Raymond James is competing with a variety of capital-raising options available to financial advisors in the market. Those range from selling to a private equity-controlled firm to getting a noncontrolling minority investment from industry-focused banks or other RIAs.
On the main stage of the conference, Private Client Group President Tash Elwyn highlighted the Practice Capital Solutions program to the more than 2,000 financial advisors in attendance.
“Obviously, there are many benefits [of the capital program], with the most notable that it’s a firm and a name that you already know, you trust and that’s going to provide tremendous continuity, not only to your business, but to your clients,” he said.
On the sidelines of the conference, he added that demand had been strong since the firm announced the program.
Elwyn compared the capital program to the flood of private equity in the IBD and RIA space.
“As you look at what’s happened across the industry over the last five to 10 years, there’s been X-amount of aggregation, but you’ve yet to see the exits,” he said. “Advisors are rightfully concerned about the implications of that, most importantly to their clients, but then in addition to the businesses they built, the legacy of those businesses, what happens to their successors.”

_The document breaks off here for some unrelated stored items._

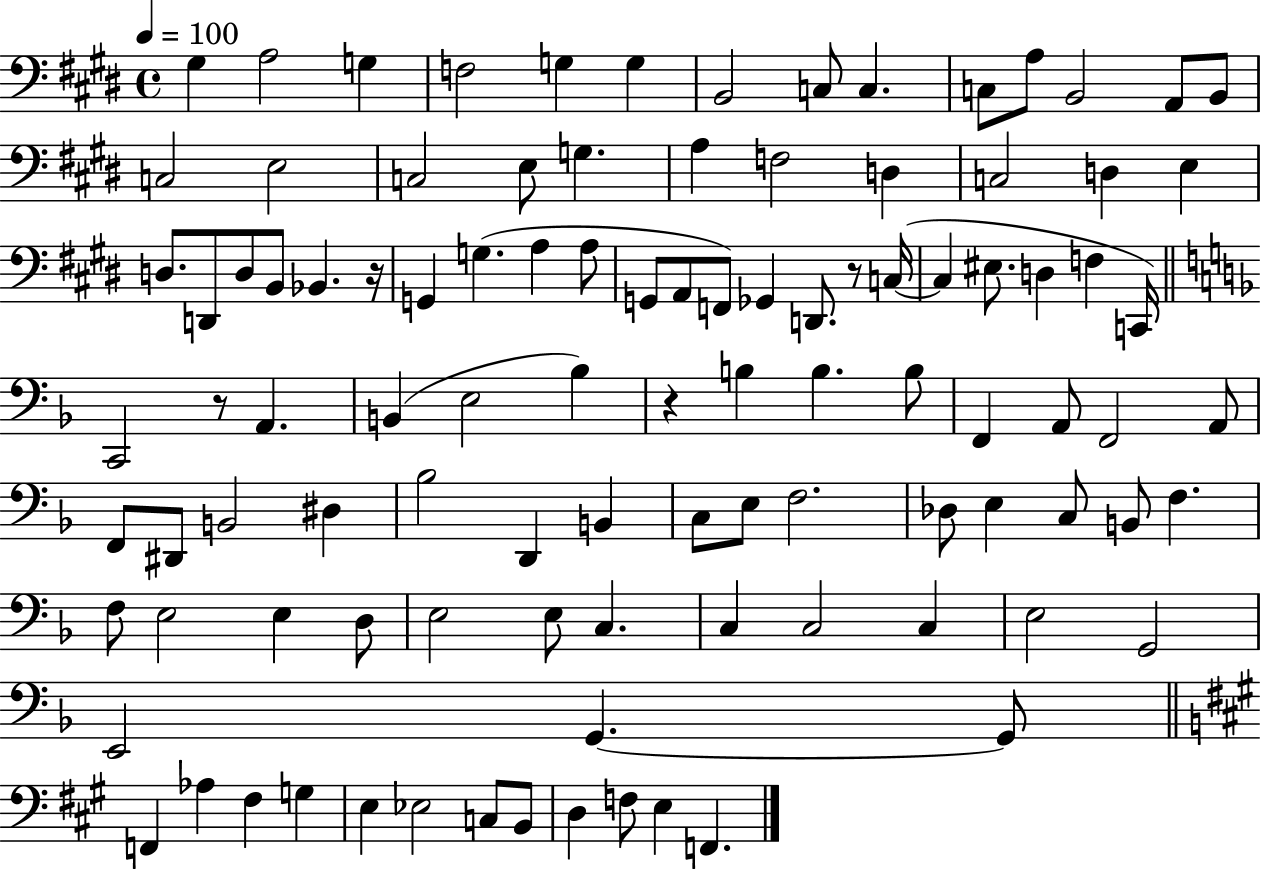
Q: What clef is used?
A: bass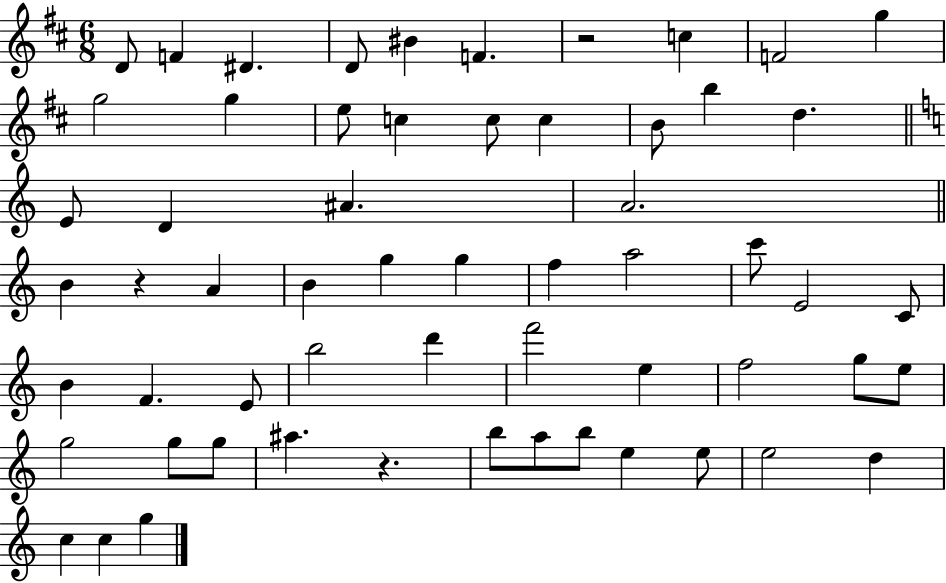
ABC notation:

X:1
T:Untitled
M:6/8
L:1/4
K:D
D/2 F ^D D/2 ^B F z2 c F2 g g2 g e/2 c c/2 c B/2 b d E/2 D ^A A2 B z A B g g f a2 c'/2 E2 C/2 B F E/2 b2 d' f'2 e f2 g/2 e/2 g2 g/2 g/2 ^a z b/2 a/2 b/2 e e/2 e2 d c c g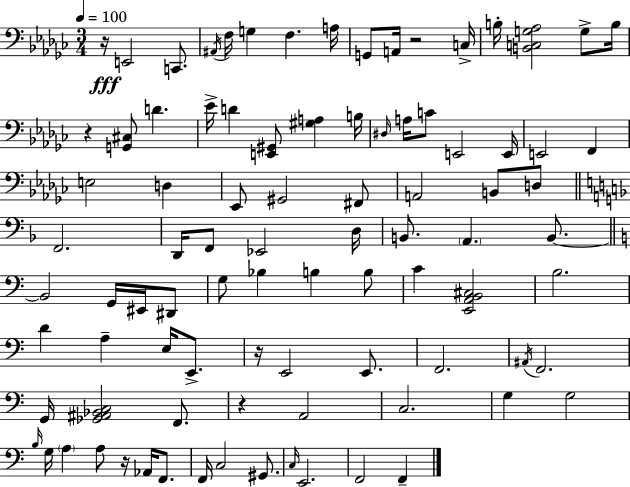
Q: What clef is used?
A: bass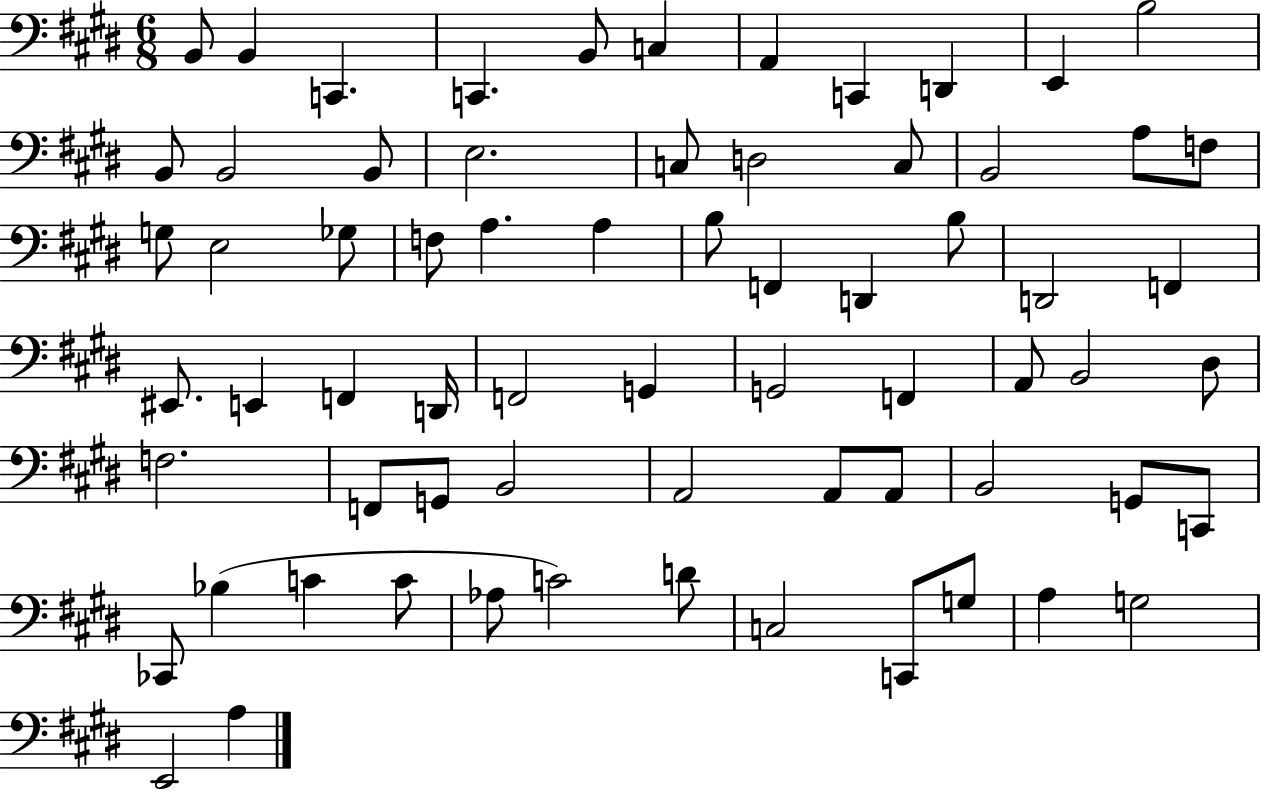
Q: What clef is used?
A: bass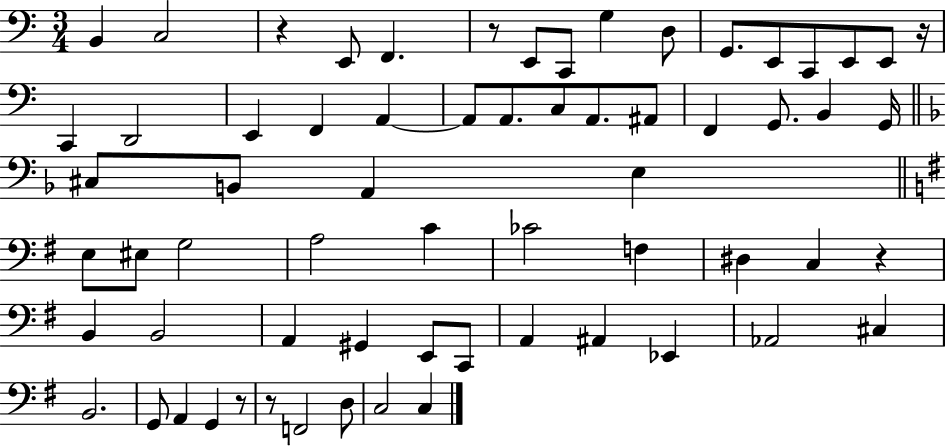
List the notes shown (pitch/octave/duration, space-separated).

B2/q C3/h R/q E2/e F2/q. R/e E2/e C2/e G3/q D3/e G2/e. E2/e C2/e E2/e E2/e R/s C2/q D2/h E2/q F2/q A2/q A2/e A2/e. C3/e A2/e. A#2/e F2/q G2/e. B2/q G2/s C#3/e B2/e A2/q E3/q E3/e EIS3/e G3/h A3/h C4/q CES4/h F3/q D#3/q C3/q R/q B2/q B2/h A2/q G#2/q E2/e C2/e A2/q A#2/q Eb2/q Ab2/h C#3/q B2/h. G2/e A2/q G2/q R/e R/e F2/h D3/e C3/h C3/q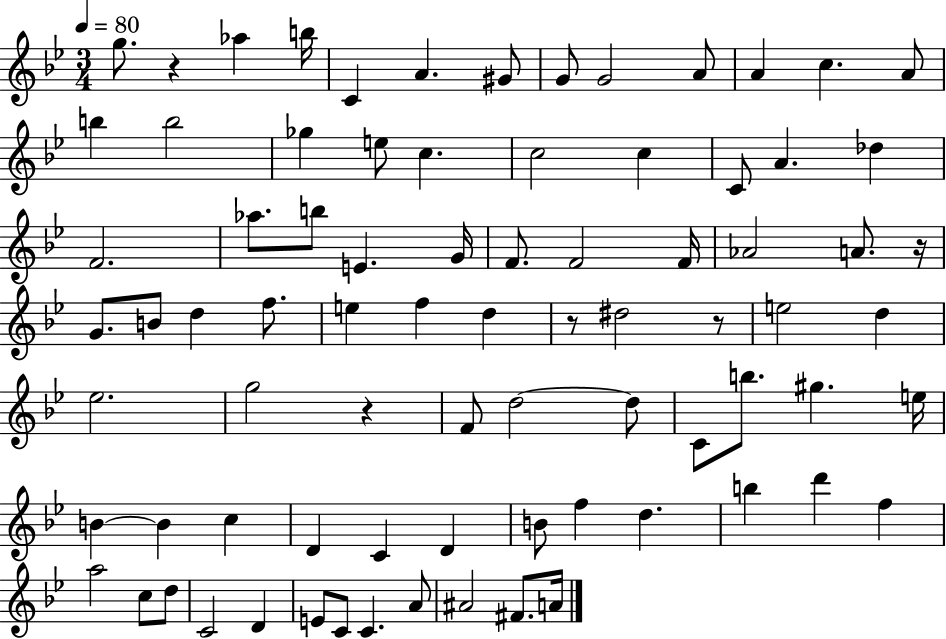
X:1
T:Untitled
M:3/4
L:1/4
K:Bb
g/2 z _a b/4 C A ^G/2 G/2 G2 A/2 A c A/2 b b2 _g e/2 c c2 c C/2 A _d F2 _a/2 b/2 E G/4 F/2 F2 F/4 _A2 A/2 z/4 G/2 B/2 d f/2 e f d z/2 ^d2 z/2 e2 d _e2 g2 z F/2 d2 d/2 C/2 b/2 ^g e/4 B B c D C D B/2 f d b d' f a2 c/2 d/2 C2 D E/2 C/2 C A/2 ^A2 ^F/2 A/4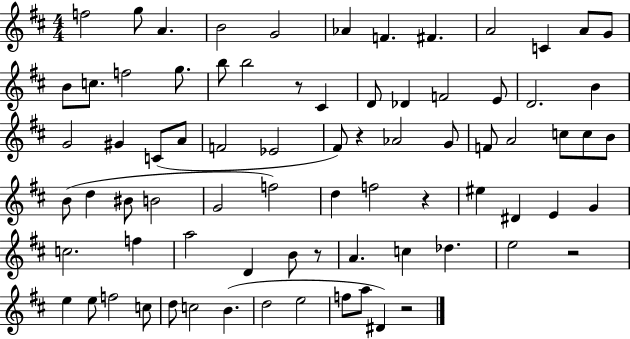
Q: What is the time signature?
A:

David Keator of advisory Keator Group said he leveraged the program for long-term succession planning with his children. They were the third generation to join the firm founded by Keator’s mother in 1979.
Keator said that they all felt they could “easily sell the business.” But they were looking for a partnership that would help his children eventually take control.
“As a dad, I didn’t want to indenture my children into a situation that I wasn’t sure of,” he said. “After a lot of thought, and a lot of looking around, candidly, we came back to this is where we want to be, and the kids said yes, this is also where we want to be.”